Vilsack encouraged producers to look into CRP's other enrollment opportunities offered on a continuous, non-competitive, sign-up basis.
CRP has a 27-year legacy of successfully protecting the nation's natural resources through voluntary participation, while providing significant economic and environmental benefits to rural communities across the United States. Producers enrolled in CRP plant long-term, resource-conserving covers to improve the quality of water, control soil erosion and develop wildlife habitat. In return, USDA provides participants with rental payments and cost-share assistance. Contract duration is between 10 and 15 years. Currently, 27 million acres are enrolled in CRP through 700,000 contracts on 390,000 farms throughout the U.S., with enrollment in 49 states and Puerto Rico.

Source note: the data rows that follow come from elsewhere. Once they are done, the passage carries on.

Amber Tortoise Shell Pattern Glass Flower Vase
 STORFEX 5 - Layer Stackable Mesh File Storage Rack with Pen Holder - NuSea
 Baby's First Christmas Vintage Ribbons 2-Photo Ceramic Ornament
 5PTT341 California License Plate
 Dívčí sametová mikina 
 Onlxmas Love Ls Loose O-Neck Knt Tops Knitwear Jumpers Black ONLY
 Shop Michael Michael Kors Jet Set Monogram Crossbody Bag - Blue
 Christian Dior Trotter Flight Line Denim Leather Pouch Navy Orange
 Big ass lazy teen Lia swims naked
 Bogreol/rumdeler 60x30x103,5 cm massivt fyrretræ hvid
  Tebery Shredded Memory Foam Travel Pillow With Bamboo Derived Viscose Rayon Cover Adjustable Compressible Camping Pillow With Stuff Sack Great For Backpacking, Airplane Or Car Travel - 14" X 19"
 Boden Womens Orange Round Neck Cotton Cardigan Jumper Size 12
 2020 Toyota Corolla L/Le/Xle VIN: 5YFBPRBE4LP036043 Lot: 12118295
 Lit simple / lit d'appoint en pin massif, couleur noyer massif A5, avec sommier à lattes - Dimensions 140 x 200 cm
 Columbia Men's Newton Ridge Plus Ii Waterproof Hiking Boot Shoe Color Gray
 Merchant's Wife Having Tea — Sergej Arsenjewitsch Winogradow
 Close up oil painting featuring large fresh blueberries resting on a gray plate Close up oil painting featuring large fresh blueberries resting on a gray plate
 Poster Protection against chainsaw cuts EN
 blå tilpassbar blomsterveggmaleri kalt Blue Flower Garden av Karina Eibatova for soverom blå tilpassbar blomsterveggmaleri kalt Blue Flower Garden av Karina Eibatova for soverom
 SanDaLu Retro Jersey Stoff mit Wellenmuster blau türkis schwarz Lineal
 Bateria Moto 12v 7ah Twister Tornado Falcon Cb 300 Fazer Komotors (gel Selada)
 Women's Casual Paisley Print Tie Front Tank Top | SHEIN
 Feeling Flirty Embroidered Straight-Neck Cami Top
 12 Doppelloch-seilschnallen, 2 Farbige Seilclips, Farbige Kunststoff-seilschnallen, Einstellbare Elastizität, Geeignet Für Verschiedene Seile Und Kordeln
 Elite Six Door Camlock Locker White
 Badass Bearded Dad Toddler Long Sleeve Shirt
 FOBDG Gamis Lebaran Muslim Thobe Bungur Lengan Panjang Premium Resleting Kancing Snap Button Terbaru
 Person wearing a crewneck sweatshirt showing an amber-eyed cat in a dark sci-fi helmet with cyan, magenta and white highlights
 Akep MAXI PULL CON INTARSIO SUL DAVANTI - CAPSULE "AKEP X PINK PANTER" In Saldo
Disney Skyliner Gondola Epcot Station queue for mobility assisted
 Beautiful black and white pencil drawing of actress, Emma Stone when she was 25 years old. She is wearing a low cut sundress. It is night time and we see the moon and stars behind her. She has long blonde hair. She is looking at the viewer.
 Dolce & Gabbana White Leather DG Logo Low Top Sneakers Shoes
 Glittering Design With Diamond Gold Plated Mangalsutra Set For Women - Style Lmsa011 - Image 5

Contracts on an estimated 3.3 million acres will expire on Sept. 30, 2013. Enrollment authority for all types of CRP, which had expired Sept. 30, 2012, was extended through 2013 by the American Taxpayer Relief Act of 2012.
Offers for general sign-up CRP contracts are ranked according to an Environmental Benefits Index (EBI). USDA's Farm Service Agency (FSA) collects data for each of the EBI factors based on the relative environmental benefits for the land offered. FSA uses the following factors to assess the environmental benefits for the land offered:
- Wildlife habitat benefits resulting from covers on contract acreage;
- Water quality benefits from reduced erosion, runoff and leaching;
- On-farm benefits from reduced erosion;
- Benefits that will likely endure beyond the contract period;
- Air quality benefits from reduced wind erosion; and
CRP soil rental rates for non-irrigated cropland were updated this year to better reflect location and market conditions. A nationwide cap was placed on the maximum amount that may be paid per acre for the general sign-up. Taken together these steps help ensure that taxpayer dollars are spent in a fiscally responsible manner while producing the maximum environmental benefits for each dollar spent.
CRP is the largest USDA conservation program and continues to make major contributions to national efforts to improve water and air quality, prevent soil erosion, and protect the most sensitive areas including those prone to flash flooding and runoff. At the same time, CRP has helped increase populations of pheasants, quail and ducks and is recognized as benefiting certain rare species like the sage grouse, the lesser prairie chicken and other grassland birds. Highlights of CRP accomplishments include:
- The restoration of more than 2 million acres of wetlands and two million acres of riparian buffers;
- Prevention of more than 600 million pounds of nitrogen and more than 100 million pounds of phosphorous from flowing into our nation's streams, rivers, and lakes.
- Providing $1.8 billion annually to landowners — dollars that make their way into local economies, supporting small businesses and creating jobs; and
- Sequestering more carbon than any other conservation program in the country. By placing vulnerable cropland into conservation, CRP sequesters carbon in plants and soil and reduces both fuel and fertilizer usage. In 2011, CRP resulted in carbon sequestration equal to taking almost 10 million cars off the road.